En cambio, la fe cristiana va en la dirección opuesta. Cuando esa mujer ha dado su consentimiento al plan de Dios, ha comenzado a crecer en ella, y para siempre, la más inaudita comunión entre Creador y creatura. “Y el Verbo se hizo carne, y habitó entre nosotros” (Jn 1,14).

El Dios que nos ha mostrado Jesús, el hijo de María es así de concreto. Huye de abstracciones y esquemas rígidos. Sorprende siempre. Y nos ha dado la sorpresa más grande: ser concebido y dado a luz por una mujer. Si nos resulta difícil digerir esta humanización de Dios, dejemos entonces hablar a los artistas y místicos cristianos. Ellos celebran el vientre de María como el tálamo en el que se ha consumado el desposorio entre Dios y la humanidad. Esta santa osadía es puerta entreabierta que invita a pasar para llegar a la luz.

Relatos mitológicos de seres divinos que embarazan doncellas existen en todas las culturas. Aquí, sin embargo, hay algo muy distinto. En la humanidad femenina de María, el Espíritu creador de Dios ha realizado una obra admirable. Ha puesto en marcha una nueva creación que comienza a crecer en el vientre de esta joven mujer.

Jesús, el Hijo de Dios, nació de ella. Ella es su madre, y Él realmente hijo suyo. Toda concepción implica, desde el principio, una verdadera revolución en el cuerpo, las emociones y la psique de la mujer. ¿Podría ser para menos? Cuando una mujer concibe, comienza a crecer en ella un ser humano único y original. ¡Una persona singular e irrepetible! Aquí, el hijo de María es el Hijo de Dios hecho hombre. Revolucionó la vida de su joven madre para transfigurar el camino de toda la humanidad. Su meta final: la resurrección.
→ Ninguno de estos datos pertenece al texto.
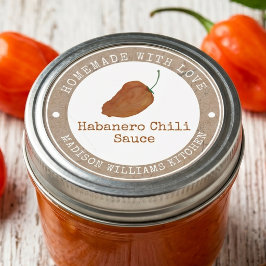 Habanero Chili Sauce Homemade | Orange Chili Runder Aufkleber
Confesar que Jesús “nació de Santa María Virgen” es poner palabras a esa maravillosa experiencia. Nos habla del Dios amor que busca hacerse compañero de camino del hombre para salvarlo. Nos habla de esa mujer que, confiando y amando, le hizo espacio en su alma y en su cuerpo. Y, por eso, nos habla de la dignidad de toda mujer y de las posibilidades de la humanidad, tal como solo Dios puede potenciarlas. Necesitamos seguir hablando de esto.